**Work to be completed:** Without including any picture, copy the entries that follow word for word.

Excerpts from a dataset
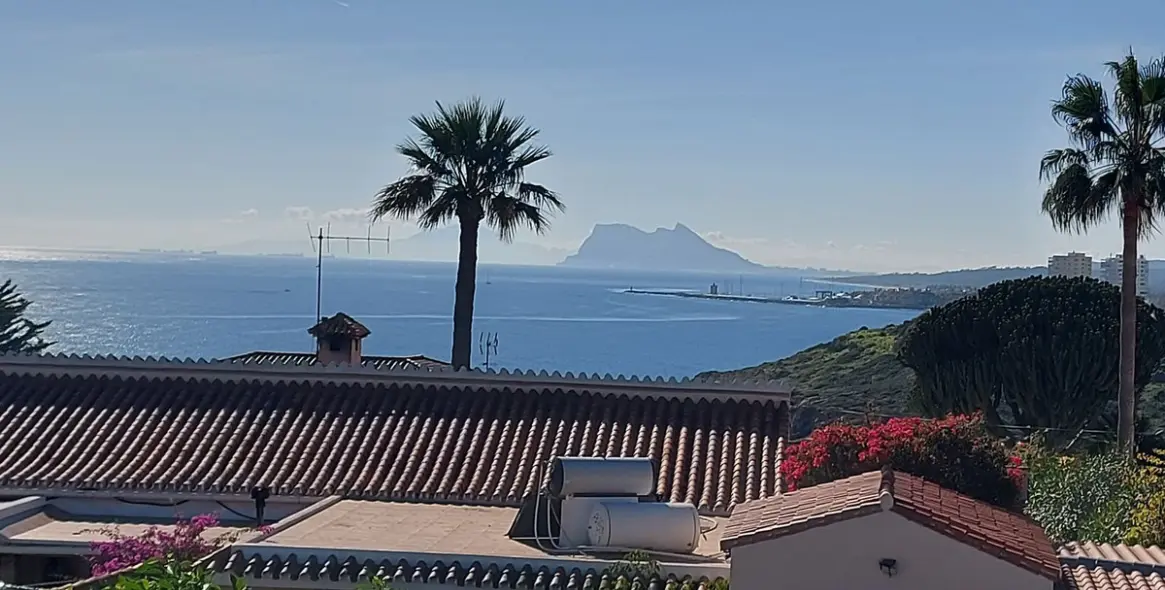 Продажа  отдельно стоящей виллы в Manilva 18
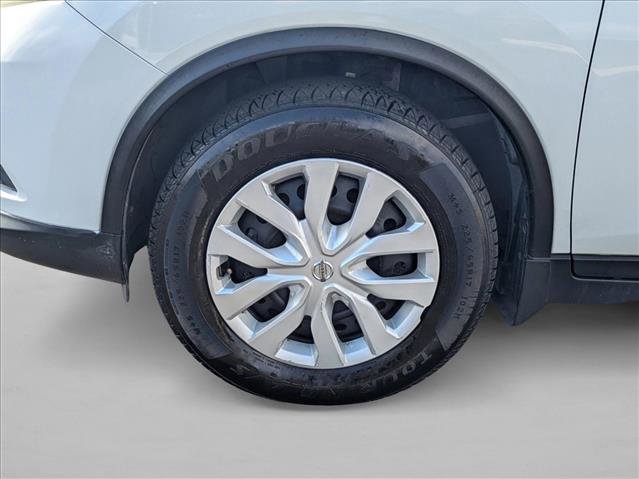 Used 2016 Nissan Rogue S w/ Appearance Package image 22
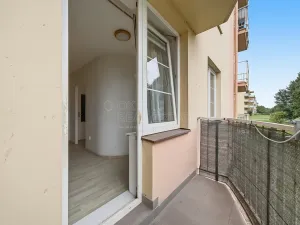 Prodej bytu 1+1, Olomouc, Slavonínská, 37 m2
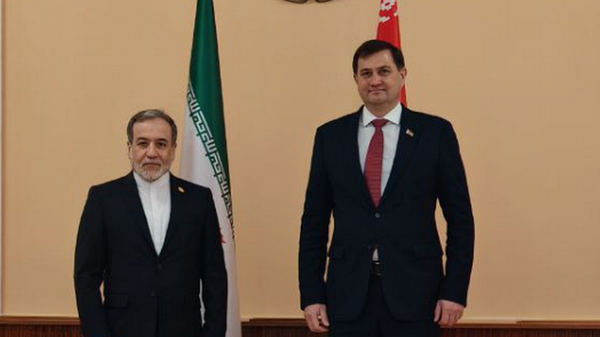 Министр иностранных дел Беларуси Максим Рыженков на встрече с главой МИД Ирана Аббасом Аракчи  - Sputnik Беларусь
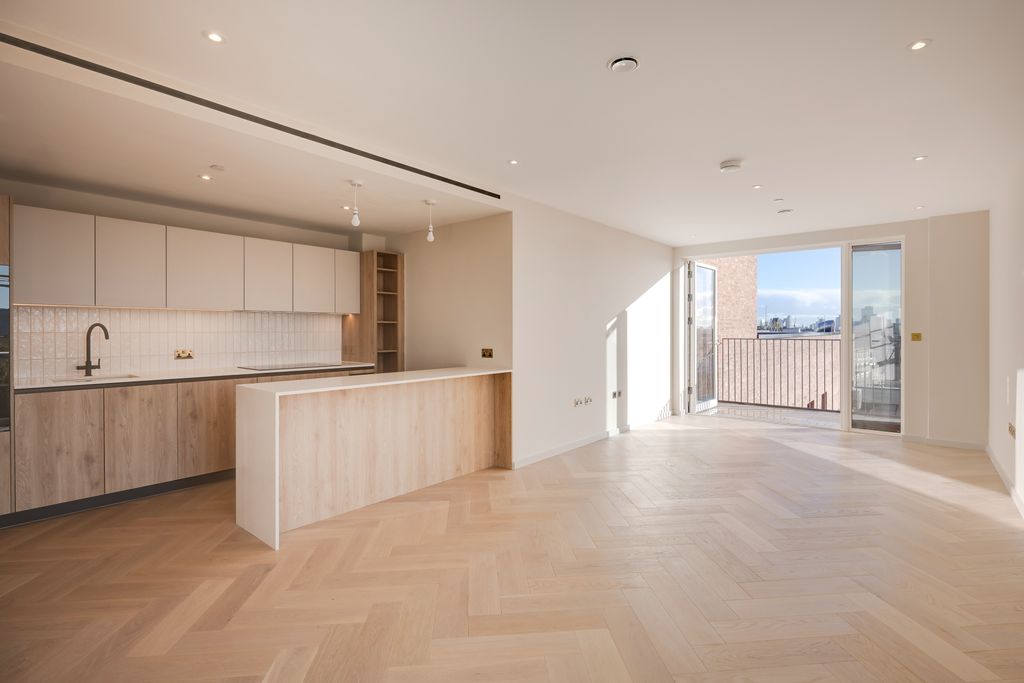 Property photo 1 of 12 The Tipton 19(Penthouse)-22.Jpg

**Response to this task:**
 Продажа  отдельно стоящей виллы в Manilva 18
 Used 2016 Nissan Rogue S w/ Appearance Package image 22
 Prodej bytu 1+1, Olomouc, Slavonínská, 37 m2
 Министр иностранных дел Беларуси Максим Рыженков на встрече с главой МИД Ирана Аббасом Аракчи  - Sputnik Беларусь
 Property photo 1 of 12 The Tipton 19(Penthouse)-22.Jpg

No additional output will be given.